Please return the lines below verbatim, beginning at the one that has "2012 Volkswagen Passat" and stopping after the one that has "Natural Finish Rectangle", and add no other lines.

(Extracted data entries)
◆ ◆ ◆ ◆ ◆
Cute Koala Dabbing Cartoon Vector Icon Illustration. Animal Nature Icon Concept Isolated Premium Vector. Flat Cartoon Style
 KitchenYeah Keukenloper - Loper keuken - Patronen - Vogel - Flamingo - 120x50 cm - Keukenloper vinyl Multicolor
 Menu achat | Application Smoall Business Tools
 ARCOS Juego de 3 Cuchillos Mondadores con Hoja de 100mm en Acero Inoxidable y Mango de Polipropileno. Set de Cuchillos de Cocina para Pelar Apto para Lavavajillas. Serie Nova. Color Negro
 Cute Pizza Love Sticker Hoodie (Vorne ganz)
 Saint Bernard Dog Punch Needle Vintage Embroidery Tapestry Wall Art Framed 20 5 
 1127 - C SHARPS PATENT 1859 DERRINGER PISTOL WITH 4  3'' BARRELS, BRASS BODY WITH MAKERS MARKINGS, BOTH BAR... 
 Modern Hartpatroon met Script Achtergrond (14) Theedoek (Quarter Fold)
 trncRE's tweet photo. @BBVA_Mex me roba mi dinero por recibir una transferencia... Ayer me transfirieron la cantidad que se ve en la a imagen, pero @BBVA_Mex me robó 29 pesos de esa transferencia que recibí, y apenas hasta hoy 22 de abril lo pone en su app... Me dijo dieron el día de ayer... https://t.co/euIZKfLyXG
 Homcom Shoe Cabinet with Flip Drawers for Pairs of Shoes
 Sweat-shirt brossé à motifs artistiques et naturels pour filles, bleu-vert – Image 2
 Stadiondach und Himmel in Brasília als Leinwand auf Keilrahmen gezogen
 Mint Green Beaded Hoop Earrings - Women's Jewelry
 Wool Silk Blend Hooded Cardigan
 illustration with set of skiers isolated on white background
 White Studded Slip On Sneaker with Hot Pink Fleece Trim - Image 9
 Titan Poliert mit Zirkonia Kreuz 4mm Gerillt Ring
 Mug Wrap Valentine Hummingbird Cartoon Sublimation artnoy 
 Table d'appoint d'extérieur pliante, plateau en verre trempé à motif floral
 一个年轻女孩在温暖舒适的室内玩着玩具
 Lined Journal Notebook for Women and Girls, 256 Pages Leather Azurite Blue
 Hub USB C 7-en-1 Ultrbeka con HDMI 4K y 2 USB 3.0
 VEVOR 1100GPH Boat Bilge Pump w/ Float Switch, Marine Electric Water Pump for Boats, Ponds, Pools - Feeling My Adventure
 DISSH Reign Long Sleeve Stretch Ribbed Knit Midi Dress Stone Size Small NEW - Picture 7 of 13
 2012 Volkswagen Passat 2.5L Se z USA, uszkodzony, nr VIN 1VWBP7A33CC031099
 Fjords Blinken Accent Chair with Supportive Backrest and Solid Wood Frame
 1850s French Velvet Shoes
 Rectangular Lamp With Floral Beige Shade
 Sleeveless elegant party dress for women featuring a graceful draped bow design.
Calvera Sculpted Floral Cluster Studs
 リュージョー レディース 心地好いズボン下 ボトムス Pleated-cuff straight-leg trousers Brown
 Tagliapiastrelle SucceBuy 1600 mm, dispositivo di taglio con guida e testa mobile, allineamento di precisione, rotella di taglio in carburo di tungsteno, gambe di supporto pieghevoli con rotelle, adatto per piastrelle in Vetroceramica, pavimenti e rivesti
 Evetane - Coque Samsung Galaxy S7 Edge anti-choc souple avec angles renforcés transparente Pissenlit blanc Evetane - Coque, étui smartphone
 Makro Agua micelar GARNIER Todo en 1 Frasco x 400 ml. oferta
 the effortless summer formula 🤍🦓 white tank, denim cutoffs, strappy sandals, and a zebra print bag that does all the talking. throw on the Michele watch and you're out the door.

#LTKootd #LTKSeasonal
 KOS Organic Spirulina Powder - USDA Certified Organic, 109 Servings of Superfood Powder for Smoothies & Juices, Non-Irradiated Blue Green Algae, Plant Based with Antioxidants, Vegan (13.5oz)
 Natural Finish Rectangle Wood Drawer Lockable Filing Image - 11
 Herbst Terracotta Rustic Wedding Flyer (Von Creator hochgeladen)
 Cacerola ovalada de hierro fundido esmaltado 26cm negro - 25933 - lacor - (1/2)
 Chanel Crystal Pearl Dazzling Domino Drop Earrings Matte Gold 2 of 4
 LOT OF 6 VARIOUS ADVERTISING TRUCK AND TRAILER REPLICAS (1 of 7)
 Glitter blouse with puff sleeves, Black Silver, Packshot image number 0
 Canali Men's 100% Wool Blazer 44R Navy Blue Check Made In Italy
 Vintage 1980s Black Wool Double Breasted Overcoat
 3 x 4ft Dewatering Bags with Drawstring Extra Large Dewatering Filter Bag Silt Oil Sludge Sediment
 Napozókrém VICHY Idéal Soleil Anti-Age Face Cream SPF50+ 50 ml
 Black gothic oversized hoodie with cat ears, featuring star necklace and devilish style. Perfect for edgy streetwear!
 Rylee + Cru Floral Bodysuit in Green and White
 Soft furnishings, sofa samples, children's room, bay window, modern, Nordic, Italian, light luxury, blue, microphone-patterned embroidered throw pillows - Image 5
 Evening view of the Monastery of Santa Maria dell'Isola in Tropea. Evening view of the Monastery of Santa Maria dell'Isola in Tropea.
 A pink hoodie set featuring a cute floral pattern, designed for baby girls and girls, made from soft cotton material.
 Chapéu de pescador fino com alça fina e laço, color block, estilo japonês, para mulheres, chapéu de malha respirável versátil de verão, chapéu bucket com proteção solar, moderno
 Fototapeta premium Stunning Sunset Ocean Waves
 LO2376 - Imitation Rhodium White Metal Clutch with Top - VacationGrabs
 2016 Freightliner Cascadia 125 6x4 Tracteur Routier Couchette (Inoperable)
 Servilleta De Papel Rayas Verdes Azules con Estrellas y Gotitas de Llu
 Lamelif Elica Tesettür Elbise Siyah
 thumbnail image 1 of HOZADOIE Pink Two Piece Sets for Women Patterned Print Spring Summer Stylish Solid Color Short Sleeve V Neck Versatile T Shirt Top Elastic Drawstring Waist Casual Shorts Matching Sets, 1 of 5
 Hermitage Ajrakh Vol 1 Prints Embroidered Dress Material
◆ ◆ ◆ ◆ ◆
*RESULT:*
 2012 Volkswagen Passat 2.5L Se z USA, uszkodzony, nr VIN 1VWBP7A33CC031099
 Fjords Blinken Accent Chair with Supportive Backrest and Solid Wood Frame
 1850s French Velvet Shoes
 Rectangular Lamp With Floral Beige Shade
 Sleeveless elegant party dress for women featuring a graceful draped bow design.
Calvera Sculpted Floral Cluster Studs
 リュージョー レディース 心地好いズボン下 ボトムス Pleated-cuff straight-leg trousers Brown
 Tagliapiastrelle SucceBuy 1600 mm, dispositivo di taglio con guida e testa mobile, allineamento di precisione, rotella di taglio in carburo di tungsteno, gambe di supporto pieghevoli con rotelle, adatto per piastrelle in Vetroceramica, pavimenti e rivesti
 Evetane - Coque Samsung Galaxy S7 Edge anti-choc souple avec angles renforcés transparente Pissenlit blanc Evetane - Coque, étui smartphone
 Makro Agua micelar GARNIER Todo en 1 Frasco x 400 ml. oferta
 the effortless summer formula 🤍🦓 white tank, denim cutoffs, strappy sandals, and a zebra print bag that does all the talking. throw on the Michele watch and you're out the door.

#LTKootd #LTKSeasonal
 KOS Organic Spirulina Powder - USDA Certified Organic, 109 Servings of Superfood Powder for Smoothies & Juices, Non-Irradiated Blue Green Algae, Plant Based with Antioxidants, Vegan (13.5oz)
 Natural Finish Rectangle Wood Drawer Lockable Filing Image - 11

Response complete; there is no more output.